The European Jewish Association held its annual conference in Budapest. On the first day of the event, the results of a two-year study analyzing the security of Jewish communities throughout Europe were presented – and Hungary proved to be one of the safest places. Slomó Köves, Chief Rabbi of the Unified Hungarian Jewish Congregation (EMIH) – Federation of Hungarian Jewish Communities (MAZSIHISZ), said at the conference that he is pleased the study confirms the experiences of Hungarian Jewry.
“In recent years we have seen several important studies utilizing various methodologies on the life of Jewish communities. It was difficult to fit these results into a scientific, comparative database, and it was even more challenging to establish uniform, objective measures from these studies in order to be able to truly improve Jewish lives and communities in their respective countries,” said Rabbi Menachem Margolin, Chairman and the founder of European Jewish Association which, along with the Unified Hungarian Jewish Congregation (EMIH) – Federation of Hungarian Jewish Communities (MAZSIHISZ), organized the annual conference. The Rabbi pointed out that one of the biggest challenges facing European Jews is the restriction of religious freedom. The aim of the conference was to allow local Jewish leaders to share and discuss their challenges and to establish a common action plan with all participants to protect Jewish communities.
“Throughout the past few years, Hungarian Jews have felt that public safety has improved and we are pleased to see that the presence of the European Jewish Association confirms this,”
– stated Slomó Köves, Chief Rabbi of the Unified Hungarian Jewish Congregation (EMIH) – Federation of Hungarian Jewish Communities (MAZSIHISZ). He expressed that the close cooperation between the Hungarian government and the local Jewish communities brought immediate improved results regarding their safety – including, among other things, constitutional and legal amendments as well as police handling of antisemitic cases. “The joint work of the Jewish community and the government is the key to reducing negative emotions and opinions towards Jews in Hungarian society,” said Slomó Köves.
The study evaluated surveys from the past few years and ranked European countries where Jewish communities feel safest, factoring in government efforts, size of the Jewish population, and their living standards. Among these, Hungary came in second to Italy.

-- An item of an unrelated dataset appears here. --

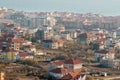 Cottages in Saint Vlas in Bulgaria, winter Royalty Free Stock Photo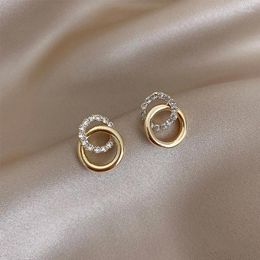 Stud Earrings Korean Simple Double Circle Gold Colour Metal Crystal For Women Fashion Exquisite Jewellery Friend Gifts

Moreover, Hungary witnessed the lowest number of antisemitic attacks and the Jewish community feels safest in Hungary; also, Hungary also had good results in terms of religious freedom.
“Hungary is one of the safest countries in Europe — possibly even the safest — for Jews,” said Zsolt Semjèn in his speech at the conference. The Deputy Prime Minister stated that “Hungary maintains zero-tolerance against anti-Semitism, regardless of whether they are connected to the extreme right, extreme left, Jihadists or anti-Israeli sentiments… Relations between Jewish organizations and the Hungarian government are in perfect order: the state financially supports all Jewish institutions, preschools, schools, hospitals, and social institutions just as it would public ones.”
“Hungary maintains zero-tolerance against antisemitism; the Holocaust is taught in schools and of course it has a memorial day; the law against hate speech guarantees that the Holocaust cannot be denied or relativized,”
– said Zsolt Semjén. He added that “anti-Israeli sentiments are viewed as a form of anti-Semitism,” and that “our government represents this position both in Hungary and in European Union forums, where Israel can count on Hungary.” He confirmed that “Hungary vetoes any measures that unfairly attack Israel.”